◆ **Problem requirements**:
Please write out all of the data below exactly, without including the pictures.

◆ **Data provided**:

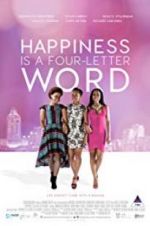 Watch Happiness Is a Four-letter Word Primewire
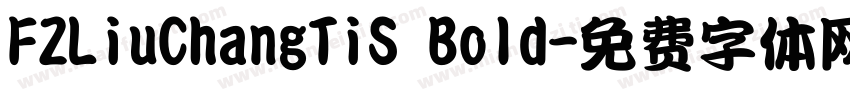 FZLiuChangTiS Bold字体转换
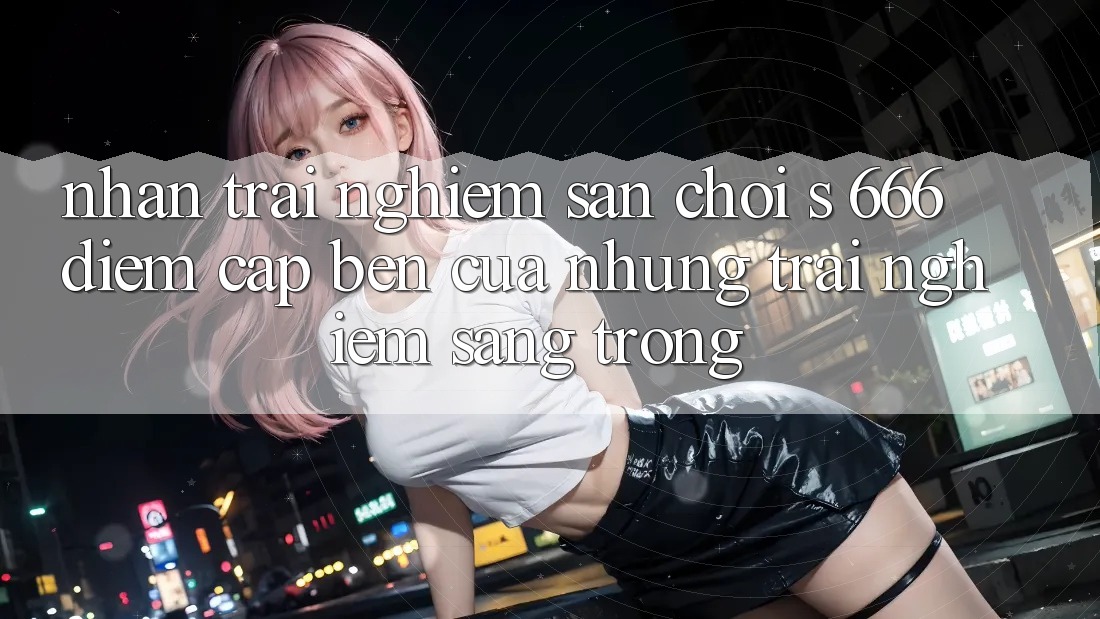 Nhận trải nghiệm Sân Chơi s 666 – Điểm Cập bến Của Những Trải nghiệm Sang trọng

◆ **Exercise answer**:
 Watch Happiness Is a Four-letter Word Primewire
 FZLiuChangTiS Bold字体转换
 Nhận trải nghiệm Sân Chơi s 666 – Điểm Cập bến Của Những Trải nghiệm Sang trọng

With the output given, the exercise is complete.